*Aim of the exercise*
Exact copy, no pictures: return all the data below as written.

*Provided material*

--------------------------------

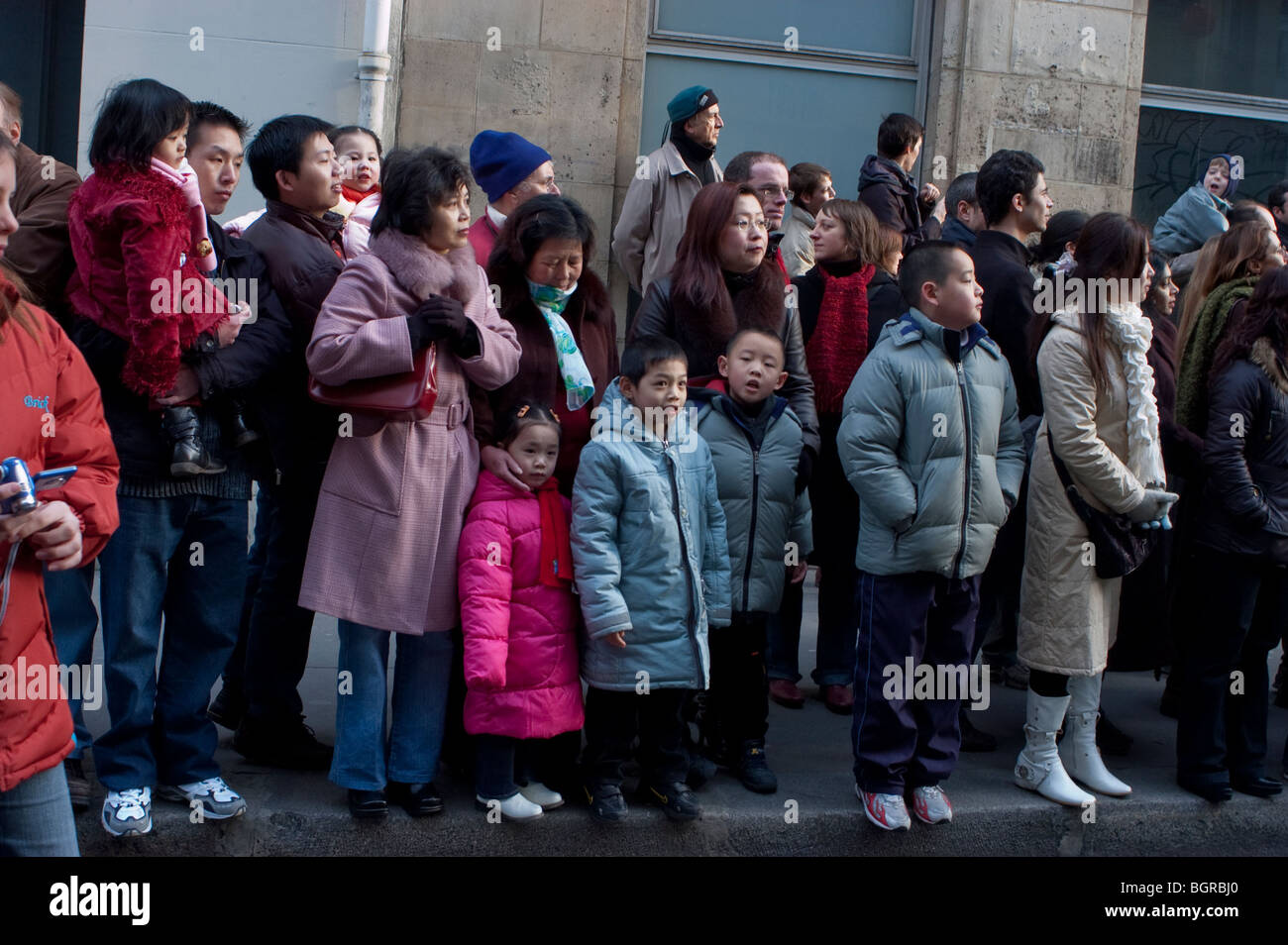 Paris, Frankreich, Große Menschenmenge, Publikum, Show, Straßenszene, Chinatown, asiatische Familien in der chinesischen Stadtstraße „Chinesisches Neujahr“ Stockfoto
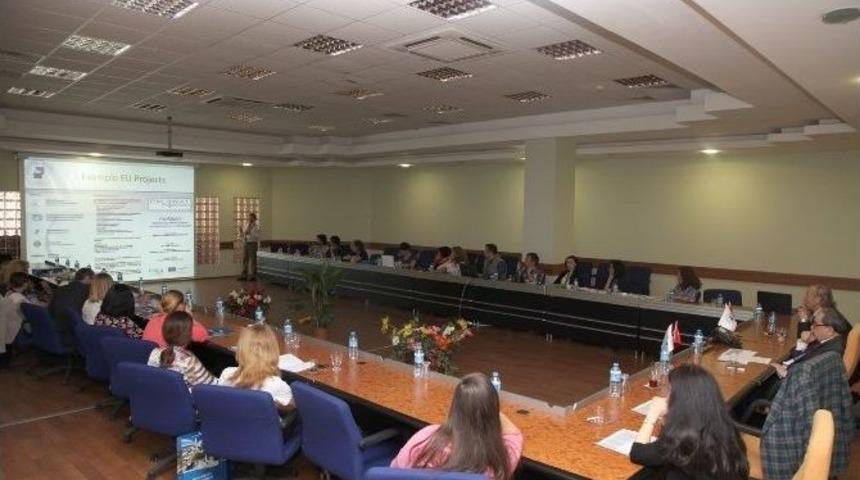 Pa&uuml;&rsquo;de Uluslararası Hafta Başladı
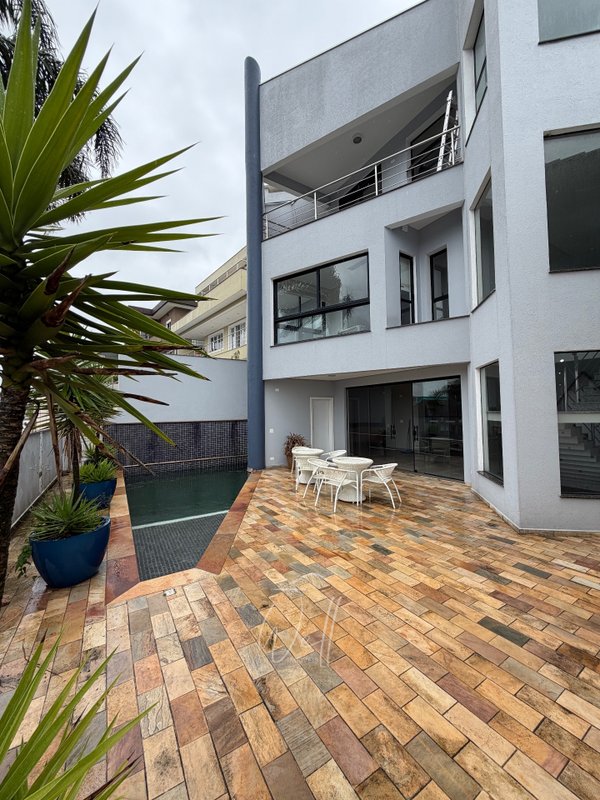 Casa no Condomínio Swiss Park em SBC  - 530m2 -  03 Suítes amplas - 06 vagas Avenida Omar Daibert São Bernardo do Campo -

--------------------------------

*Answer below*
 Paris, Frankreich, Große Menschenmenge, Publikum, Show, Straßenszene, Chinatown, asiatische Familien in der chinesischen Stadtstraße „Chinesisches Neujahr“ Stockfoto
 Pa&uuml;&rsquo;de Uluslararası Hafta Başladı
 Casa no Condomínio Swiss Park em SBC  - 530m2 -  03 Suítes amplas - 06 vagas Avenida Omar Daibert São Bernardo do Campo -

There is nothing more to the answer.